To limit the number of records held an interesting feature has been introduced ageing, and refreshing. All board positions are given an age of 1 and after every turn the age is increased however when any board position is consulted its age is halved. Those positions which are too old are archived. i.e. forgetting.
The important parameters are
1. piece advantage
2. denial of occupancy
4. control of centre.
Played on an IBM 704 which could handle a milliion 36-bit words and up to 100 references per minute.
A possible evaluation function for checkers is
6k + 4m + u
where k is the king advantage m is the man advantage and u is the undisputed mobility, which means the number of moves that can be made without leading to an immediate capture.
If we consider the position shown in the attached diagram then BLACK has a man on 16 and a king on 28 whereas WHITE has kings on 15 and 32. The computer is white and the score is
u = 4 - 2, k = 2 - 1, m = 0 - 1. Thus score is 6k + 4m + u or 6 - 4 + 2 = 4.
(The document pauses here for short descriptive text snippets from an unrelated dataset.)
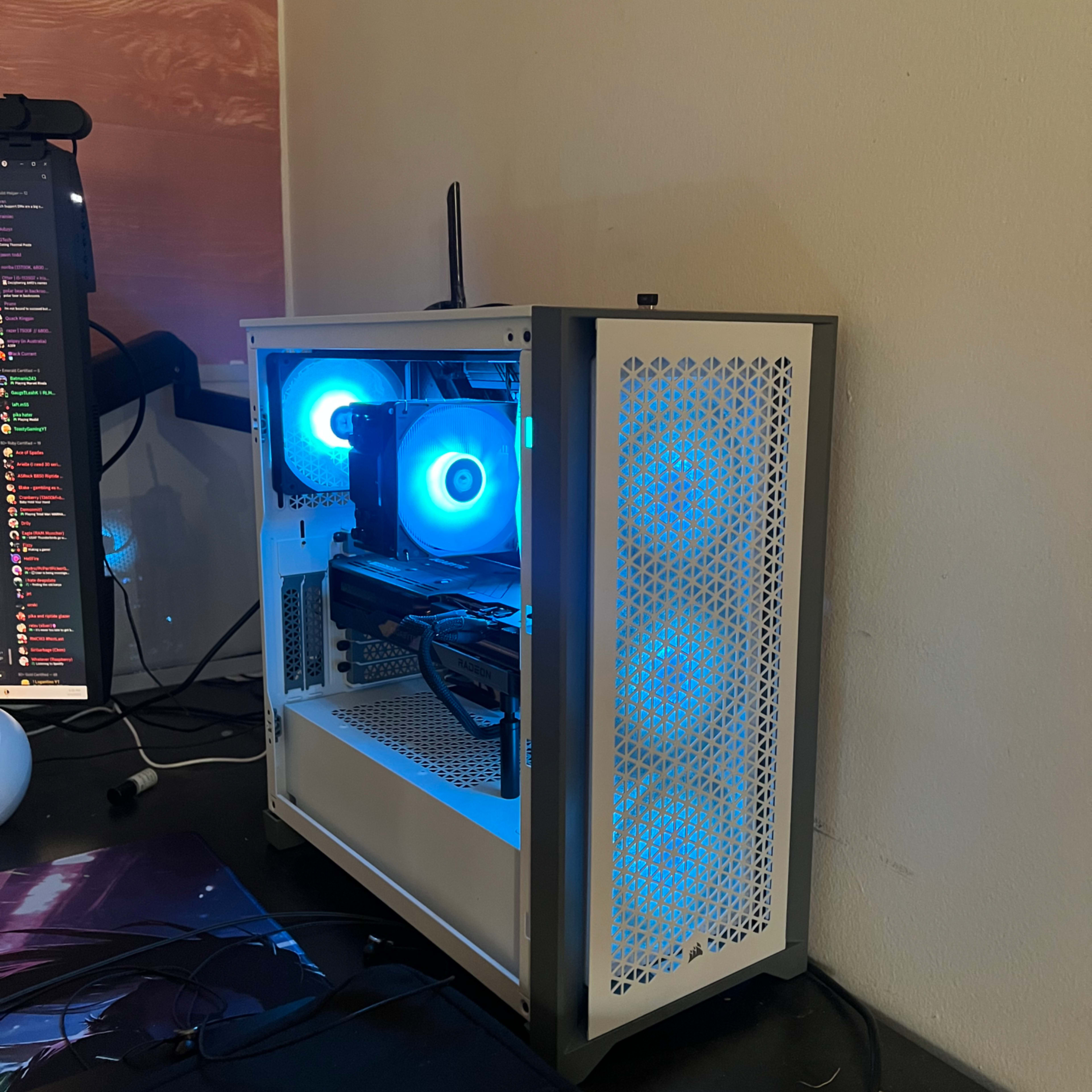 BRAND NEW RX 7800xt + Ryzen 7 5700x3d | Jawa BRAND NEW RX 7800xt + Ryzen 7 5700x3d | Jawa
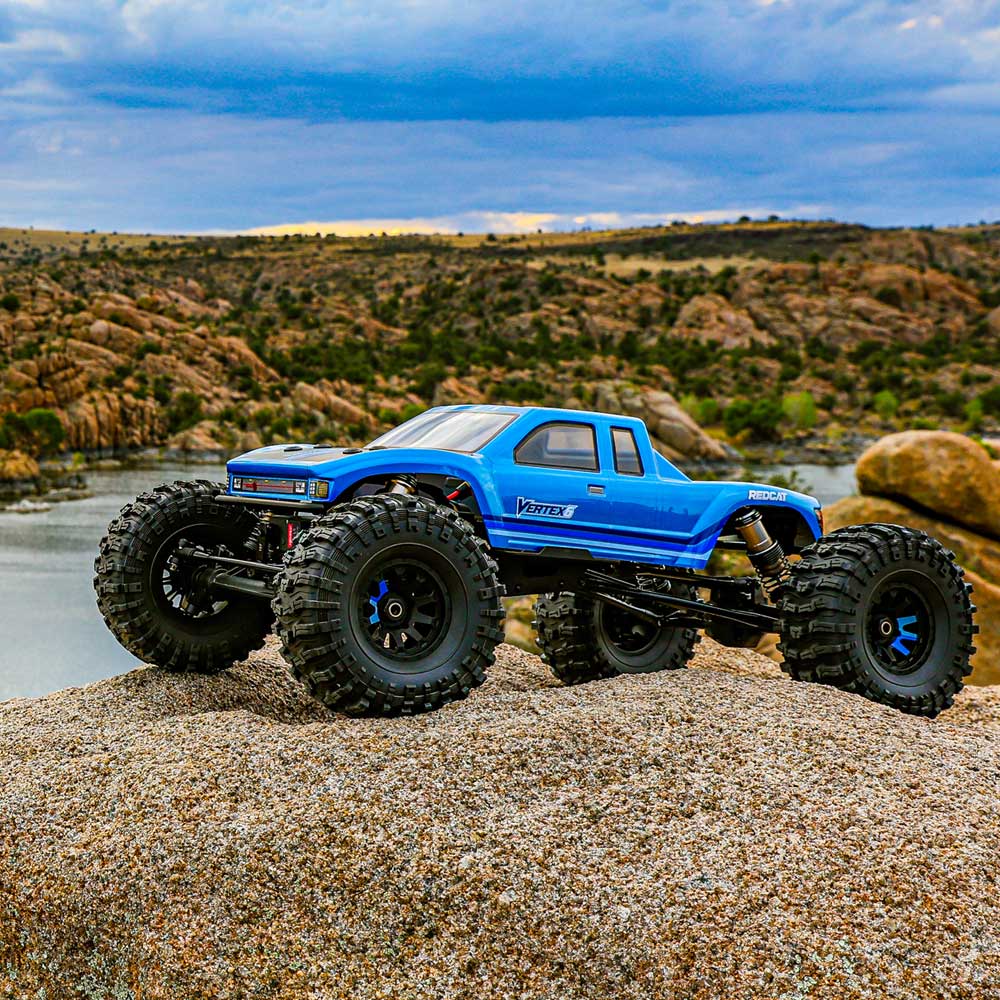 Redcat Vertex-6 Large Scale Crawler - Ready to Run - Image 34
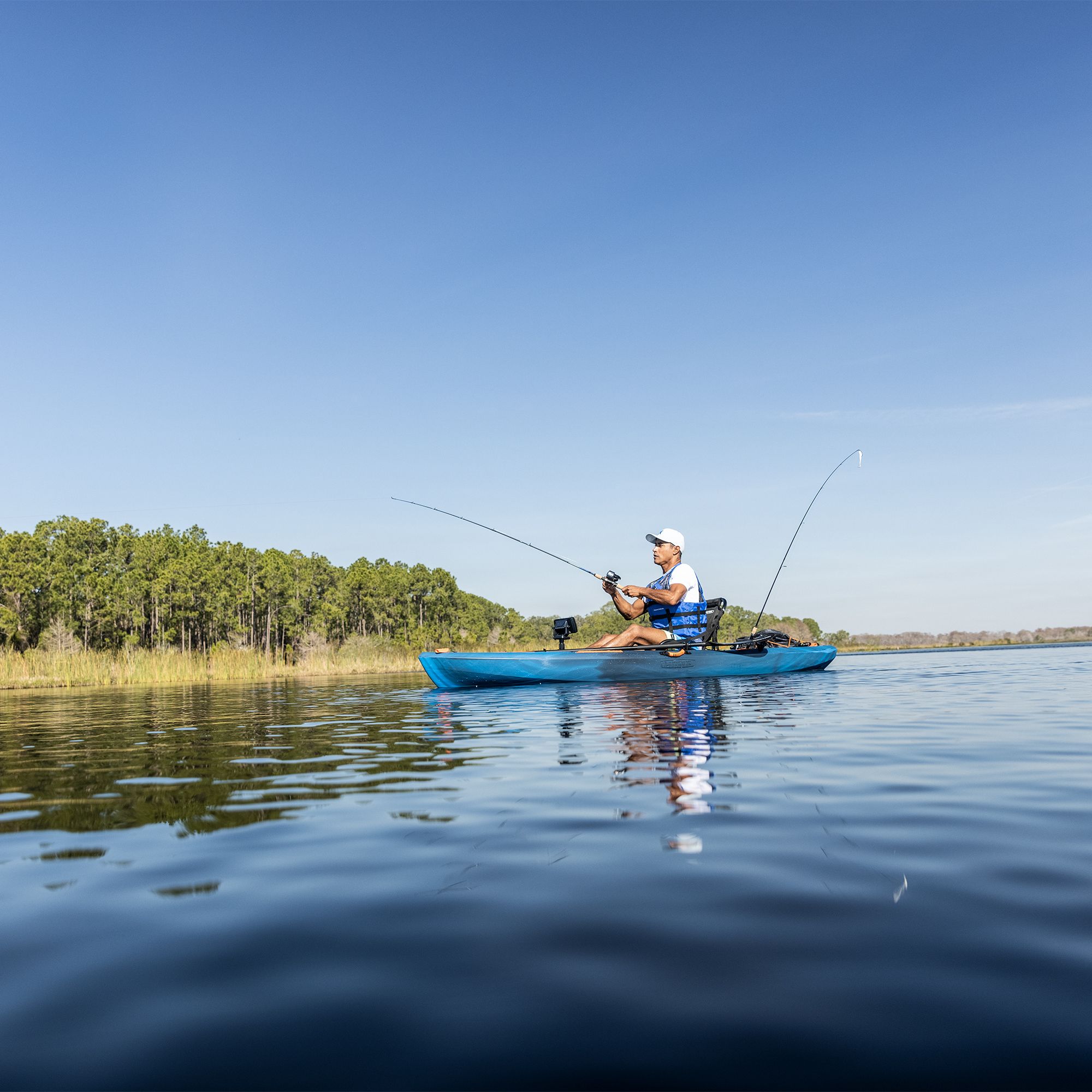 Daiwa Samurai X Spincast Combo product image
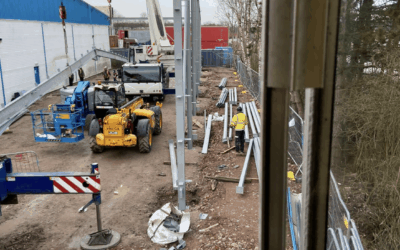 Terumo , Knowsley , Industrial Unit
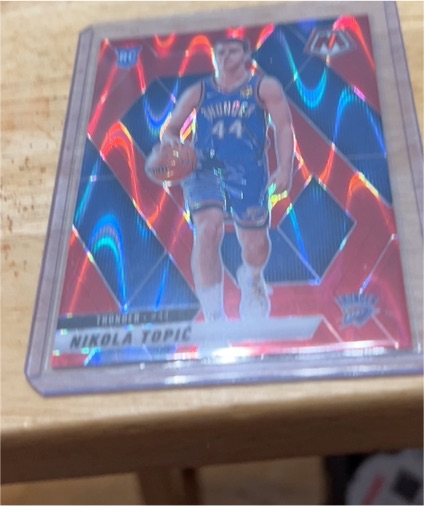 2024-25 Panini Mosaic #164 Dorian Finney-Smith — front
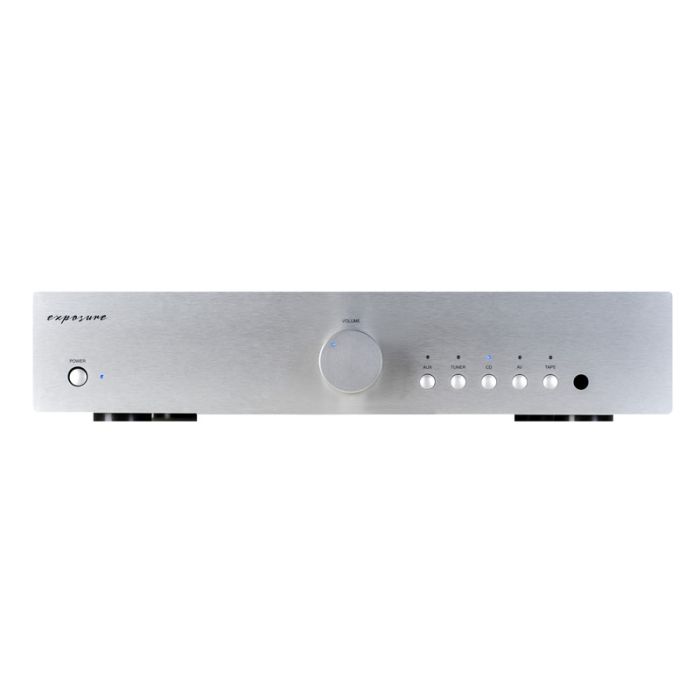 Exposure Integrated Amplifier Titanium (1010)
WHITE is in play and has to make a move ; there are five choices A,B,C,D or E. Using 1-ply we can score the moves as
A 15-10 score 4
B 15-11 score 5
C 15-18 score 4
D 15-19,16-23 score -6 this initial move leads to an immediate capture 16-23
E 32-27 score 6
The best move is actually 15-11 from a 3-ply analysis but E appears best so far.
From 1946 Samuel has devoted a considerable amount of computer and human effort in developing a checkers computer program to beat human opponents. The work has been of such success that the program can now beat most opponents and has reduced the excitement in other programmers attempting this particular problem.
Samuel introduced the topic of machine learning and his program improved its performance up to a limit against human opponents. Basically it uses the concept of rote learning. Suppose a tree is terminated at 3-ply then each of the nodes is evaluated statically using the evaluation function which consists of about 38 parameters. However if the root node that is encountered is stored with its backed up value re occurs then it will have a firmer value. Provided enough games are played then most if not all of the nodes in the future game trees will have been seen before and correctly valued. Thus the root node will have a virtual value of 6-ply and as the process continues and the program learns so the values given to each node will improve. An additional learning technique is to play two programs against one another and the program that wins has one set of parameters and the loser another. The new program must have parameters that emphasise the good points of each in some way. The storage of previous games was catalogued as follows;
the number of pieces on the board, the presence or absence of piece advantage, the presence or absence of kings, the side with advantage. Positions of little value, those that are not referred to very often, are deleted and symmetry is used to cut down the number of stored positions by various factors of 2. In 1959 the program used 60,000 board positions and an evaluation choosing 16 parameters from 38, whilst in 1967 alpha beta pruning had been introduced and only the most promising nodes were investigated. Book moves were also incorporated.